### What to do
Starting at the line containing "Paradise Island Café" and ending at the line containing "Citroen C3 1.2", print every line of the material below exactly, both ends included, and stop there.

——

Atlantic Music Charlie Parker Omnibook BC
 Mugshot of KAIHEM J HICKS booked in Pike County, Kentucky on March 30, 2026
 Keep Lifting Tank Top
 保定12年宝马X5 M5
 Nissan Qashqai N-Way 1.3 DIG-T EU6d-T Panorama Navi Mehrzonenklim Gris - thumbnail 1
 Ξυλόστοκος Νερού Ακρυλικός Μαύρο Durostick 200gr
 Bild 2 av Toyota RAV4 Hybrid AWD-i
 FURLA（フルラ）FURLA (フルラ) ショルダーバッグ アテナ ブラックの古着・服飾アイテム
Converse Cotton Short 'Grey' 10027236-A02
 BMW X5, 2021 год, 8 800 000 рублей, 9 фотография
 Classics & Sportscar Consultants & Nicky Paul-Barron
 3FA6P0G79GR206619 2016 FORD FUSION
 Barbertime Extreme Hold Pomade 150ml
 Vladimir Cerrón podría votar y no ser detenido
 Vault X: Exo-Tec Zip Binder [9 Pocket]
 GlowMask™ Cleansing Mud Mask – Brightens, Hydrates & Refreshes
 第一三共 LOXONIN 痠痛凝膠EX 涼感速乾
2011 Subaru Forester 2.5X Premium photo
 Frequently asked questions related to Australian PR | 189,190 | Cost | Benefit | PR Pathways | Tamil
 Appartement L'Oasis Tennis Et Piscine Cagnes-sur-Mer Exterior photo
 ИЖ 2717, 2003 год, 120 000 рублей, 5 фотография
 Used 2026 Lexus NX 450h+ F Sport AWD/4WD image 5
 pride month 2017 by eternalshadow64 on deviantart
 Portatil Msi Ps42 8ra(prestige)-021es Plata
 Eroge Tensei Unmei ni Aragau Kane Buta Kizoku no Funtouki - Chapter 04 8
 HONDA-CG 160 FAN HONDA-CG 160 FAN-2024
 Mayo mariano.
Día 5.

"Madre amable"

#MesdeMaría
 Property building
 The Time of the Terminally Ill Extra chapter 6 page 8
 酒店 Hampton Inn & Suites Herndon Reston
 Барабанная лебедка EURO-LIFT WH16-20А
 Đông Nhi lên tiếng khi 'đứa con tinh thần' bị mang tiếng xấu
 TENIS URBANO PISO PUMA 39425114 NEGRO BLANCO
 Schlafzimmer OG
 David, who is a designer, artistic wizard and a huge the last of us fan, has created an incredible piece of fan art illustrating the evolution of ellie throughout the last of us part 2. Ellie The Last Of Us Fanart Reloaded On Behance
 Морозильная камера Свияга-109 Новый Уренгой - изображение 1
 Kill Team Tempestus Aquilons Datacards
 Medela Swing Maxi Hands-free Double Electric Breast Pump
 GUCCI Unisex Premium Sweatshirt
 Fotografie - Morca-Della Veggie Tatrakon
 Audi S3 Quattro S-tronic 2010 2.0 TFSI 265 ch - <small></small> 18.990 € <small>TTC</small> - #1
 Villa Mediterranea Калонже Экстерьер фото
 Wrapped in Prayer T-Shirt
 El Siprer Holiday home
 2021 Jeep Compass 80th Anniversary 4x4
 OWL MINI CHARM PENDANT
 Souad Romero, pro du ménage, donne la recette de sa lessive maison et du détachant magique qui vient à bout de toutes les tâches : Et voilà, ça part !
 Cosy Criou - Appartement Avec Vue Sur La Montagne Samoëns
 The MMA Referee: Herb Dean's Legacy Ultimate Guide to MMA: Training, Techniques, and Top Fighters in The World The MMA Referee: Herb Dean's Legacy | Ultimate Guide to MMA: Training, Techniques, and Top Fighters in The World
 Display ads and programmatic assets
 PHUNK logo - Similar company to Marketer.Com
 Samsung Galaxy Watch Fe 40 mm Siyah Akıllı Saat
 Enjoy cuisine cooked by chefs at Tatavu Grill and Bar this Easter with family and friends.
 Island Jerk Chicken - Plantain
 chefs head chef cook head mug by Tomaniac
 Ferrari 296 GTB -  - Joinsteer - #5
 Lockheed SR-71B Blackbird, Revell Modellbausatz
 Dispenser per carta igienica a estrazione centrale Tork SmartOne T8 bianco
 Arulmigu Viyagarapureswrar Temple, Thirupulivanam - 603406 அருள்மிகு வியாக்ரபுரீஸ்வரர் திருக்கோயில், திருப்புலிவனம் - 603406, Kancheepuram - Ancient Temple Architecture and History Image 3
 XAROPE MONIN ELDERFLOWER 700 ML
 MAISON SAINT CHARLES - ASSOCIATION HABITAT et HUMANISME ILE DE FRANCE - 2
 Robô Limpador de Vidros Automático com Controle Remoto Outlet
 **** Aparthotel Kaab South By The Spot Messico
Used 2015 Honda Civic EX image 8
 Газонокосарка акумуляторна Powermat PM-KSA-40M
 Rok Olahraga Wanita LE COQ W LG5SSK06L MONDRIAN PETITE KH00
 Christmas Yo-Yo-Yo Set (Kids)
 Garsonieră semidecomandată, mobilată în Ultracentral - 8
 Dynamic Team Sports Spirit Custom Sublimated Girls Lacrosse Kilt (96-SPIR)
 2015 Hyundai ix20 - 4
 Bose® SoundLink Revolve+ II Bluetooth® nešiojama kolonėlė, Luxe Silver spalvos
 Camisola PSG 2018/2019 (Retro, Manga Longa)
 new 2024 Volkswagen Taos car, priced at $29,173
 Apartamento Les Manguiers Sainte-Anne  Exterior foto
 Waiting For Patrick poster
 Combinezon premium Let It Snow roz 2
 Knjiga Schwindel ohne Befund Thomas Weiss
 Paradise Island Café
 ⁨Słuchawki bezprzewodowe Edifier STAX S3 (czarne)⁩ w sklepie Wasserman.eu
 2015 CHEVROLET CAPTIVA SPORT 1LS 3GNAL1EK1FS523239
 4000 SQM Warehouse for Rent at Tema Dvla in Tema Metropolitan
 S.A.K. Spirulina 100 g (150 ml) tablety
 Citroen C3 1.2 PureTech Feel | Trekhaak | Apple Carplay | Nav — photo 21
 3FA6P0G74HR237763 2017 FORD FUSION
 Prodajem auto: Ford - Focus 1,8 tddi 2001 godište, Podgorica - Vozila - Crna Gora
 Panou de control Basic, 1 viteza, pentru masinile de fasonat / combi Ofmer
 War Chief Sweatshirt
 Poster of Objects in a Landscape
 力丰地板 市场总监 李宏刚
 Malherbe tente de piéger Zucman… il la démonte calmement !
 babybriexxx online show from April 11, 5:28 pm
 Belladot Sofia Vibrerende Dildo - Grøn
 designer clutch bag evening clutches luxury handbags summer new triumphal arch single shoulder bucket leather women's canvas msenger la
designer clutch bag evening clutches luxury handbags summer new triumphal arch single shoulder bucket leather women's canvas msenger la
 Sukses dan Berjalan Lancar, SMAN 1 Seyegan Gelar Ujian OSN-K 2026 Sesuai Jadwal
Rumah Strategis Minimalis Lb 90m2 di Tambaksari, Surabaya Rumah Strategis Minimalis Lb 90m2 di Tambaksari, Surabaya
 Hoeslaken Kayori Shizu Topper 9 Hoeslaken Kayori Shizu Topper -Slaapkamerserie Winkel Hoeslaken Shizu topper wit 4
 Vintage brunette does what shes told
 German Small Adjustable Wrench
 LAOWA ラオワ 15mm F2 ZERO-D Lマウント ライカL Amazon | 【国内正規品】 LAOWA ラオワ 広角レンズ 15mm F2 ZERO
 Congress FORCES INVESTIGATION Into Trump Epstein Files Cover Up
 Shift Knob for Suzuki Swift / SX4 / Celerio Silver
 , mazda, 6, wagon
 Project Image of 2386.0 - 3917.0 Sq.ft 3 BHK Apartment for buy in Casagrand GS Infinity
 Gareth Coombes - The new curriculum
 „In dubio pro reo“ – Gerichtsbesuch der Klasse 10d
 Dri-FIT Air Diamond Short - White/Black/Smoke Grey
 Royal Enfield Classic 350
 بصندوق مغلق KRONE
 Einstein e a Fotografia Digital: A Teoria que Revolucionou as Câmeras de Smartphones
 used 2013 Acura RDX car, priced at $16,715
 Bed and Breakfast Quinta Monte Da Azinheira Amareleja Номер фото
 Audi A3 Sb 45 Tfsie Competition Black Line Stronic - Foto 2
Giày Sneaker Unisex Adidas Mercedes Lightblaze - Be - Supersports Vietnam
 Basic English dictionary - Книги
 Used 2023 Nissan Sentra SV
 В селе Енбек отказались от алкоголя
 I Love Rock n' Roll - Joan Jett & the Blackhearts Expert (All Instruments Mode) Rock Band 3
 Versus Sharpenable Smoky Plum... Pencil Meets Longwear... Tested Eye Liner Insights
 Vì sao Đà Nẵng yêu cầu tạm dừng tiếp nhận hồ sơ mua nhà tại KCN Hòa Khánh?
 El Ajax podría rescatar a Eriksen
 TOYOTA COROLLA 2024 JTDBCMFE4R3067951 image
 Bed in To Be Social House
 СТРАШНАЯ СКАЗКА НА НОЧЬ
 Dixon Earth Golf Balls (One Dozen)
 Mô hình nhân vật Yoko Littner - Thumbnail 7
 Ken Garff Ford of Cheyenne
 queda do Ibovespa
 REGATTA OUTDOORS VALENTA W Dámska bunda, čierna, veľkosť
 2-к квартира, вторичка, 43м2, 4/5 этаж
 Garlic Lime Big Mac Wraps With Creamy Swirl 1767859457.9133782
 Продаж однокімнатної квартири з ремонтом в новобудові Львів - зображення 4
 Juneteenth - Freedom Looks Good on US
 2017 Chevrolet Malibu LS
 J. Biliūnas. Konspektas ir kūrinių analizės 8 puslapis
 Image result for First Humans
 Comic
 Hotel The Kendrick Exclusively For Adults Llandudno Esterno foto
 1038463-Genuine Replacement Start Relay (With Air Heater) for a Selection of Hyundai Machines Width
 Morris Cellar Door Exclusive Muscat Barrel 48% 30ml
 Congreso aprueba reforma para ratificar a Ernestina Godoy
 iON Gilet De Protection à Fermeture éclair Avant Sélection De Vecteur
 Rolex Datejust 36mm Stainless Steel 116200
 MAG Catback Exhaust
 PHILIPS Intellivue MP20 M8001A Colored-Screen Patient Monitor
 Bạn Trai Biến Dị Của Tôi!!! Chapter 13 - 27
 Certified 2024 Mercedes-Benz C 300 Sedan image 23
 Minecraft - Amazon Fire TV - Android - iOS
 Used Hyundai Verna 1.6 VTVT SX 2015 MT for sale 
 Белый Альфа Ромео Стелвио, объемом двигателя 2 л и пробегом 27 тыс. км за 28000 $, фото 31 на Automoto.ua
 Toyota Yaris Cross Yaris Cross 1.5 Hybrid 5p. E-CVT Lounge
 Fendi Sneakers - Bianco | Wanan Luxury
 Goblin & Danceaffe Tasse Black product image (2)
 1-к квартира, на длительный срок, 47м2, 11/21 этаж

——

### Solution
 Paradise Island Café
 ⁨Słuchawki bezprzewodowe Edifier STAX S3 (czarne)⁩ w sklepie Wasserman.eu
 2015 CHEVROLET CAPTIVA SPORT 1LS 3GNAL1EK1FS523239
 4000 SQM Warehouse for Rent at Tema Dvla in Tema Metropolitan
 S.A.K. Spirulina 100 g (150 ml) tablety
 Citroen C3 1.2 PureTech Feel | Trekhaak | Apple Carplay | Nav — photo 21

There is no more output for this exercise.